RECORD EXCERPTS ▸

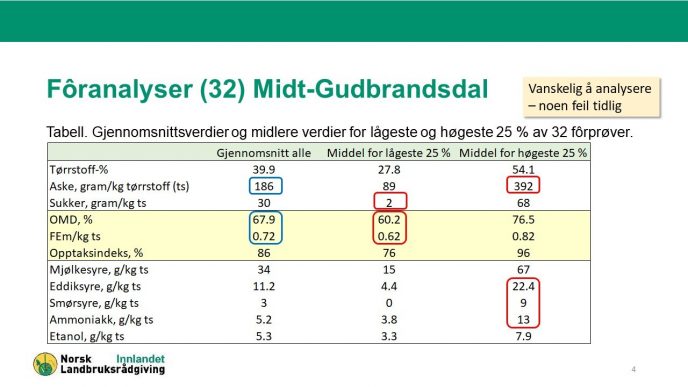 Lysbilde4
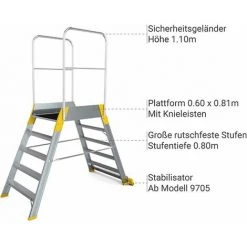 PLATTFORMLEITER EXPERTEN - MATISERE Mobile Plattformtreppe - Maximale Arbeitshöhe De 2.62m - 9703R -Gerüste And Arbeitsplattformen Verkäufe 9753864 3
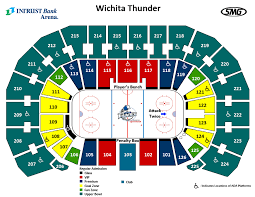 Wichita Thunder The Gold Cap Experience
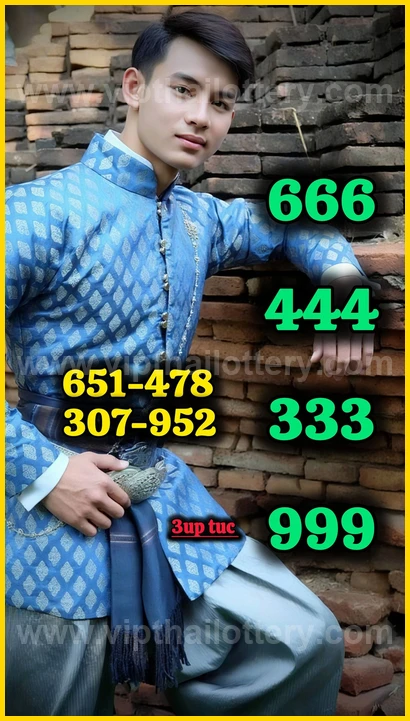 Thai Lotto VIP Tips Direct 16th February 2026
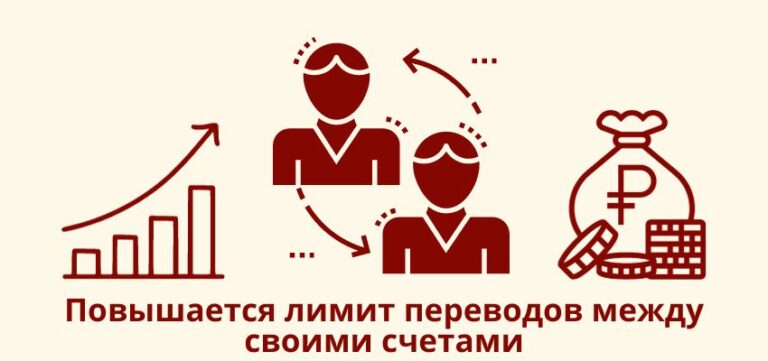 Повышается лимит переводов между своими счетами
==
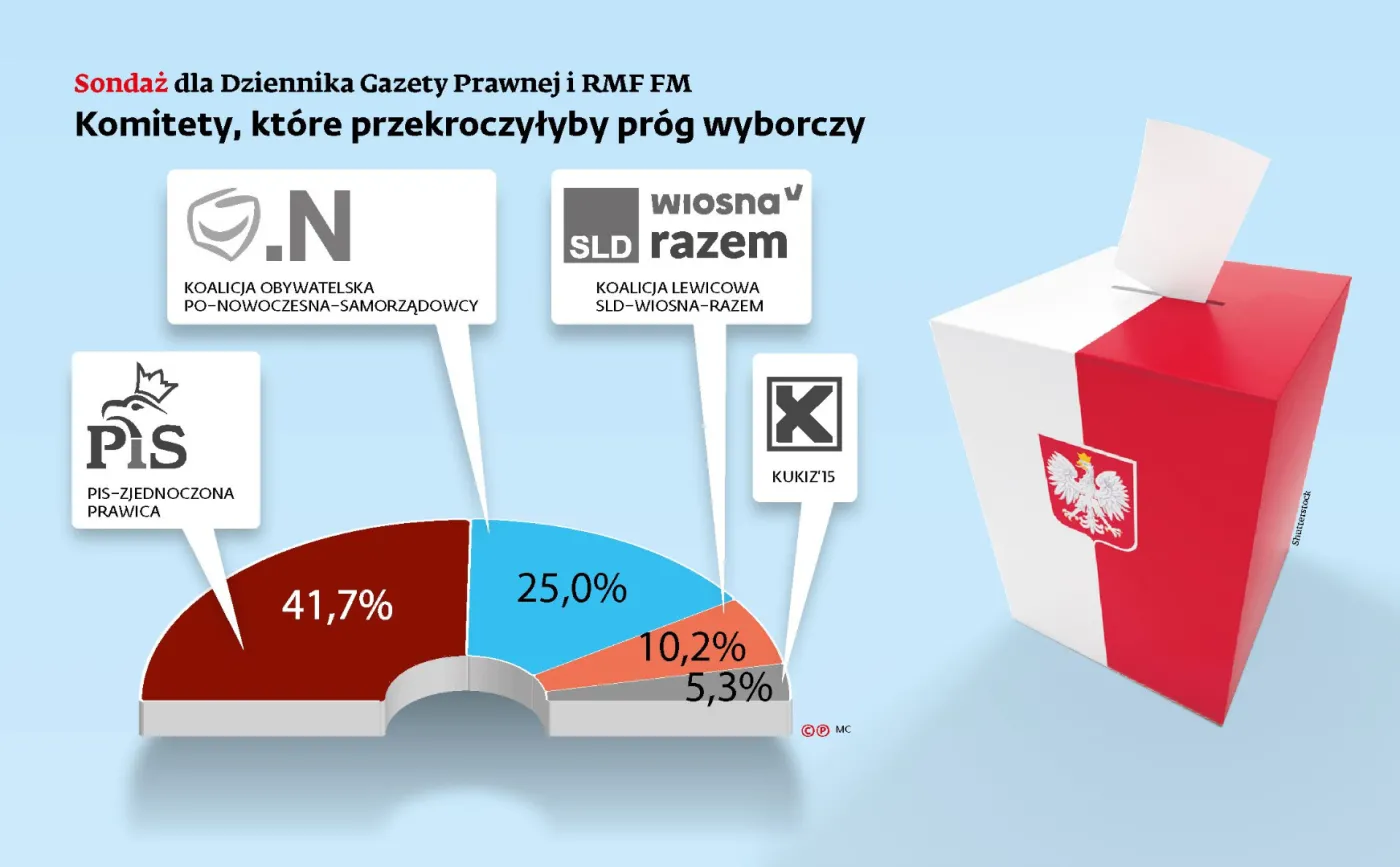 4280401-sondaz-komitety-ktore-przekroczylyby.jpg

EXERCISE ▸ Starting at the line containing "Wichita Thunder The Gold Cap Experience" and stopping at the line containing "Повышается лимит переводов", output each line exactly as it appears above. Leave out the pictures.

RESPONSE AREA ▸
 Wichita Thunder The Gold Cap Experience
 Thai Lotto VIP Tips Direct 16th February 2026
 Повышается лимит переводов между своими счетами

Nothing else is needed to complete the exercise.